ビーストマスターとは、動物たちと意志を交わし、自在に操る術に特化した能力を持った者です。多くの種類の動物を操ったり、より強力な獣を従えたり、あるいはその動物の本来の習性や本能を超えた命令を与えることができます。
ひとくちにビーストマスターと言っても様々で、動物を従わせるための呪文を専門とする魔術師、動物の神や、精霊の王などを信仰する神官、特殊な才能によって動物たちと心を通わせる者たちです。魔法的な契約をもって獣を操る場合もありますが、これは自然の動物よりも霊獣や幻獣といった特別な獣であることが多いようです。
彼らは動物たちと戯れる機会が多いためか、金属鎧などは身につけていません。魔法に関する制限なども関連するのでしょうが、だいたいは普段着に近い格好か、最低限の武器と革鎧といったところです。
動物たちを支配するための方法は、ビーストマスターによって様々です。代表的なものには、動物たちの真の名を知ることで魔術的な支配力を得る方法が挙げられます。
また、支配したい動物たちのそれぞれの神や、関連する精霊の王などに祈願して借り受けるという方法もあります。他には、自らが獣に姿を変えることによってその動物のリーダーとなるといった、変わった方法もあるようです。これはライカンスロープによく見られます。
多くのビーストマスターは、自然の中で動物たちと暮らしていることを好むため、とかく都会の匂いの強い冒険者とは相容れない性格の者も多いでしょう。
彼らにとって動物たちは友人でもあり、家族でもあります。もしも旅先でビーストマスターと出会うことがあれば、その者にはもちろん、動物の敵としての振る舞いは避けた方が賢明でしょう。
ビーストマスターへの道は険しいものです。

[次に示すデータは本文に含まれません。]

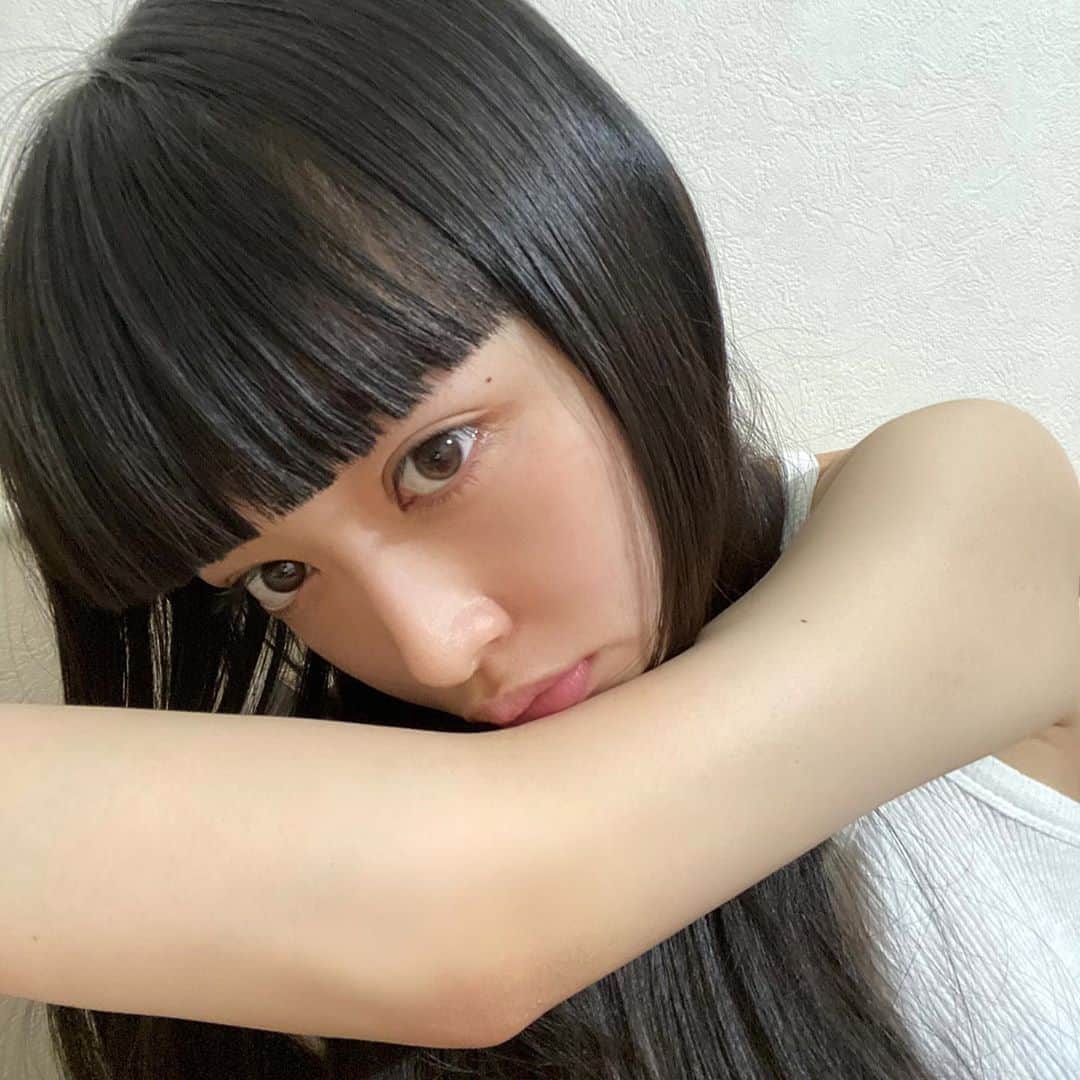 セナのインスタグラム：「" KIEHL’S LOVES JAPAN " . . 日本限定パッケージは 夏祭りがテーマ🍉🌀 夏らしくてとってもかわいい！ . これからもっと暑くなるし マスクだと肌あれしちゃうけど、 カレンデュラトナーを使ってると肌の調子が全然違う！ これからの時期ほんとにおすすめです！🤍 . kiehl’s公式オンラインサイトにてe-夏祭りが開催されていて いまなら、ゲームでお得な限定コードがゲットできるみたいです！ 是非チェックしてみてください！ . . . #キールズラブズジャパン  #kiehls  #キールズ  #スキンケア  #黒髪ロング  #selfie  #pr」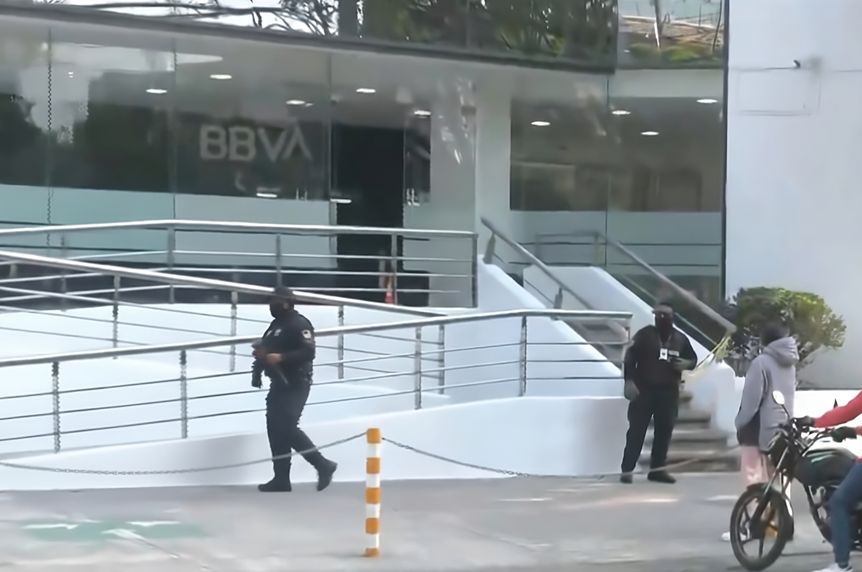 VIDEO: Balacera afuera de un BBVA desata movilización en Edomex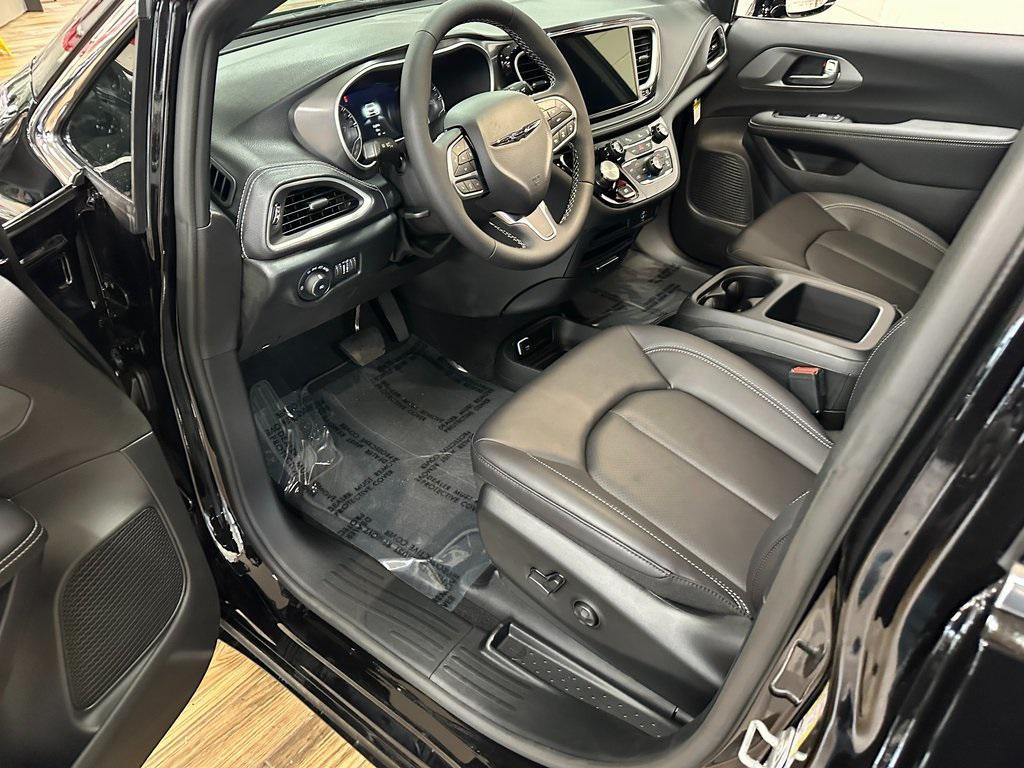 new 2026 Chrysler Pacifica car, priced at $46,130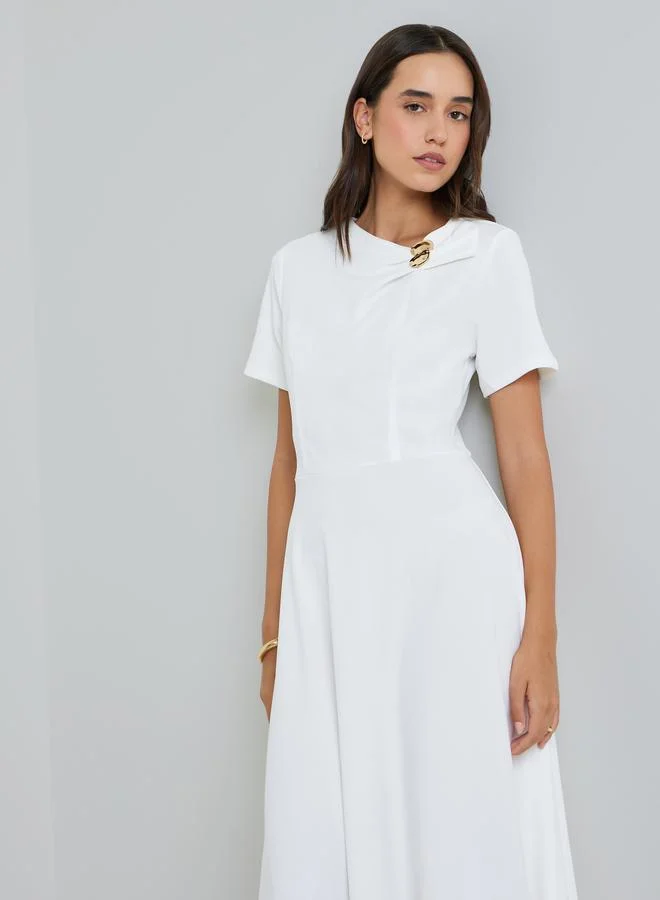 تايك تو Beige Short-Sleeve A-Line Midi Dress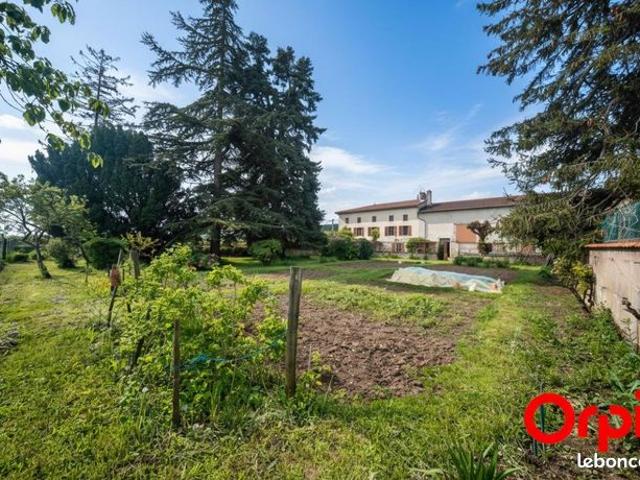 Maison 7 pièces 225 m²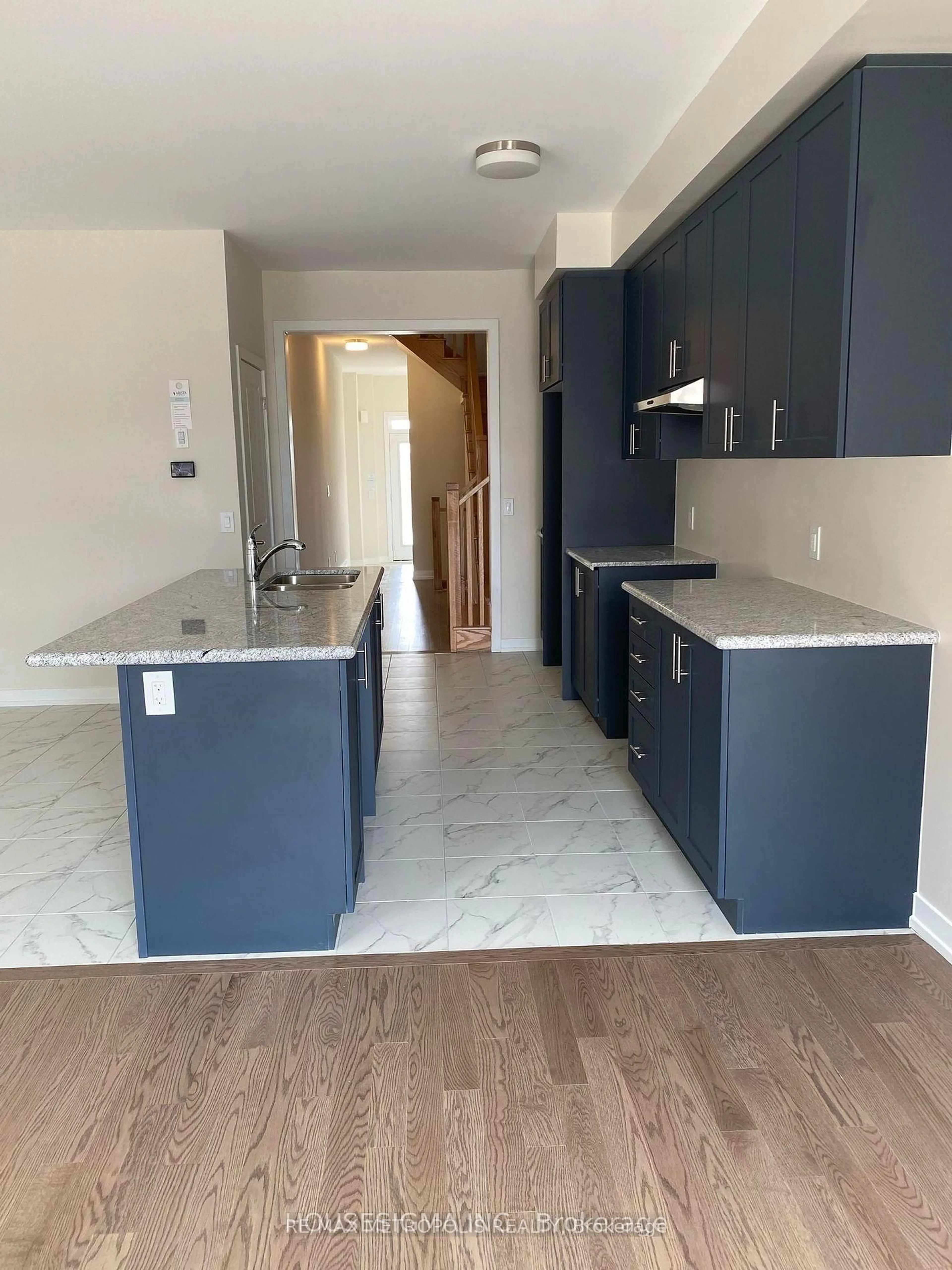 Open concept kitchen, unknown for 3110 Sideline Rd 16 Rd, Pickering Ontario L1X 0K6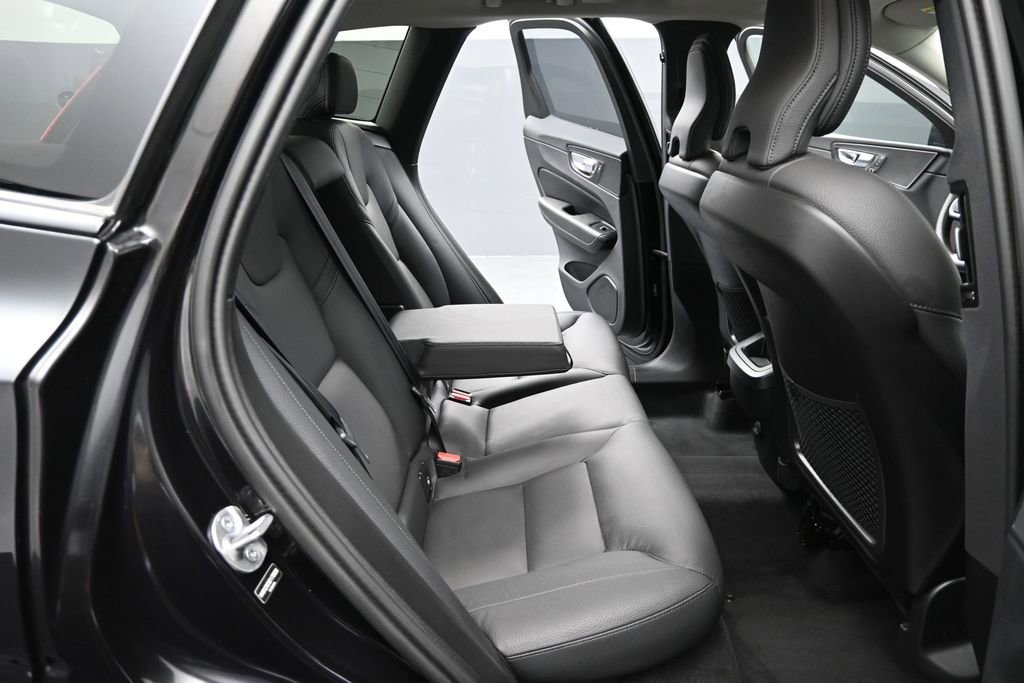 Used 2025 Volvo XC60 B5 Plus w/ Climate Package AWD/4WD image 19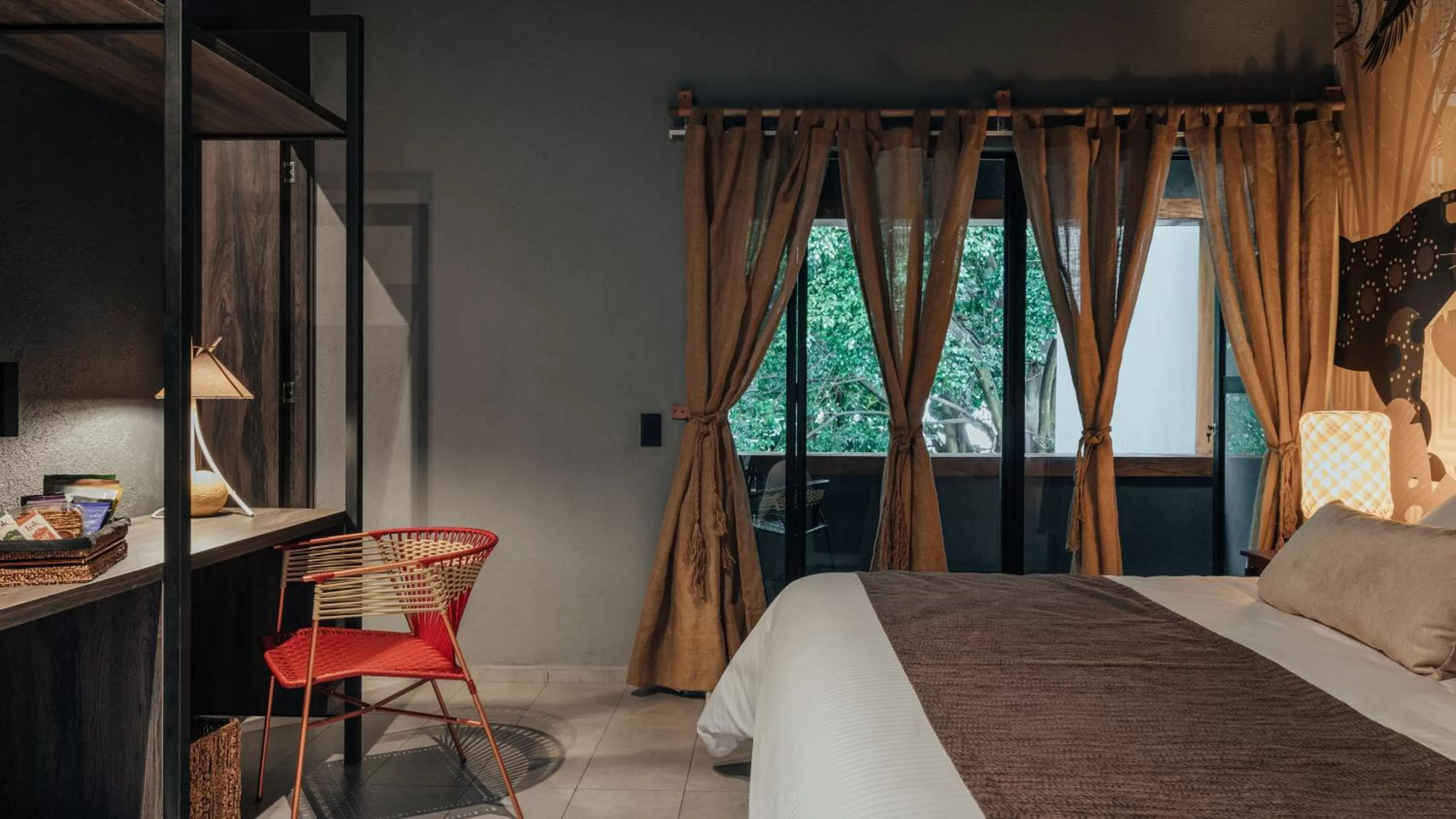 Photo of the whole room, Bed in Sui Posada Boutique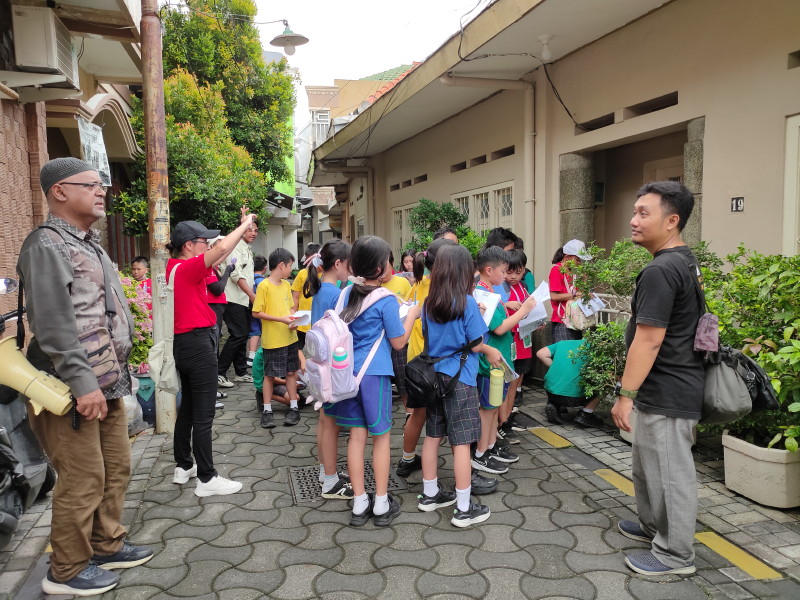 Roode Brug Soerabaia Dampingi Siswa SD Ciputra Jelajah Kota Lama Sejarah dan Kawasan Ampel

動物たちの真の名を知るにしても、結局は信頼関係がないと教えてもらえないでしょうし、強力な術で無理矢理聞けば後々の関係にもひびが入りかねません。
ネズミを操ったことで有名な、「ハーメルンの笛吹」という話があります。ビーストマスターとは言えないかもしれませんが、強力な笛の魔力は印象的です。
さて、ここでは魔法などの超自然的な力によって動物を従わせる者たちに限った紹介をしましたが、作品世界によっては、長期の訓練によって技や芸を仕込む調教師なども含む場合もあります。
現実世界ではこのビーストマスターが主流ですね。しかし、動物を操るための調教術などは、代々受け継がれる秘伝であったりすることもあるので、やはり神秘的な職業という一面は持っているようです。